Keep the pictures out. Copy every line of the listing exactly.

**INFORMATION SUPPLIED**
►

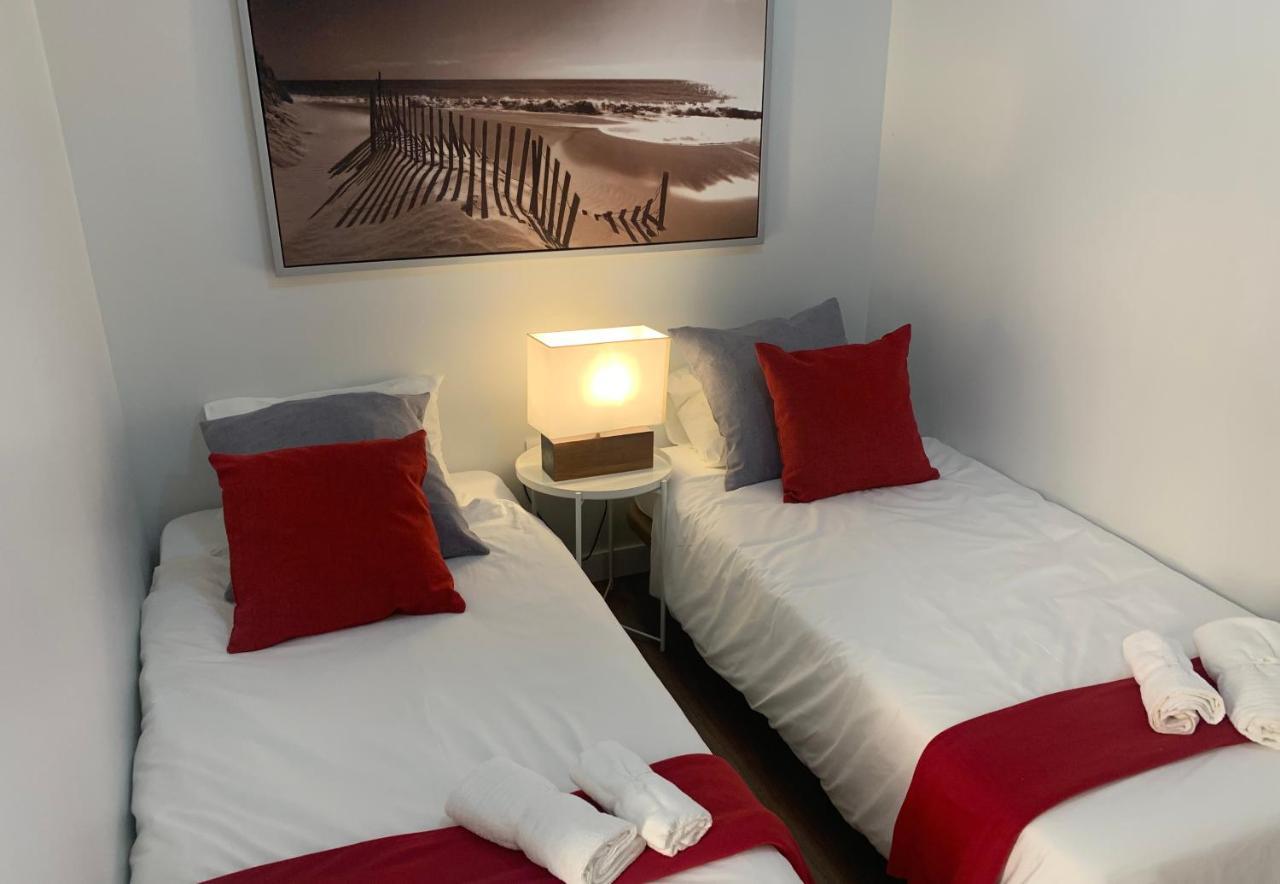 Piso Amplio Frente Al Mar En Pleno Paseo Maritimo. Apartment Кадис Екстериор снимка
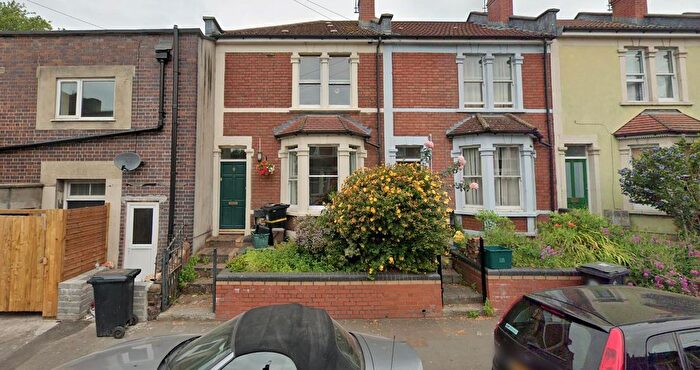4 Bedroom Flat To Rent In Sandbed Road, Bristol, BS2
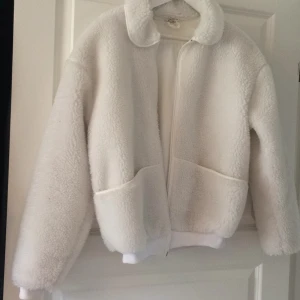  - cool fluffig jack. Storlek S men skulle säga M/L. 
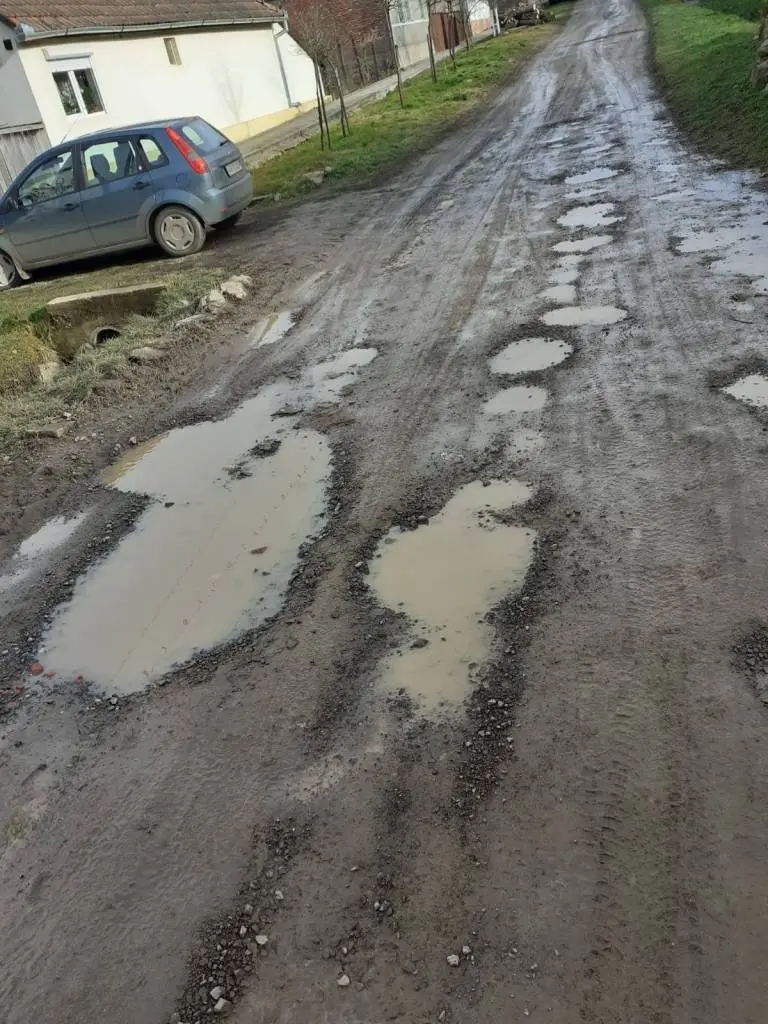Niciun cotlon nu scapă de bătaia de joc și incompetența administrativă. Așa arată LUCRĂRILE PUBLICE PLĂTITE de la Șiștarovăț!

◄

**RESPONSE FOR THIS EXERCISE**
 Piso Amplio Frente Al Mar En Pleno Paseo Maritimo. Apartment Кадис Екстериор снимка
4 Bedroom Flat To Rent In Sandbed Road, Bristol, BS2
  - cool fluffig jack. Storlek S men skulle säga M/L. 
Niciun cotlon nu scapă de bătaia de joc și incompetența administrativă. Așa arată LUCRĂRILE PUBLICE PLĂTITE de la Șiștarovăț!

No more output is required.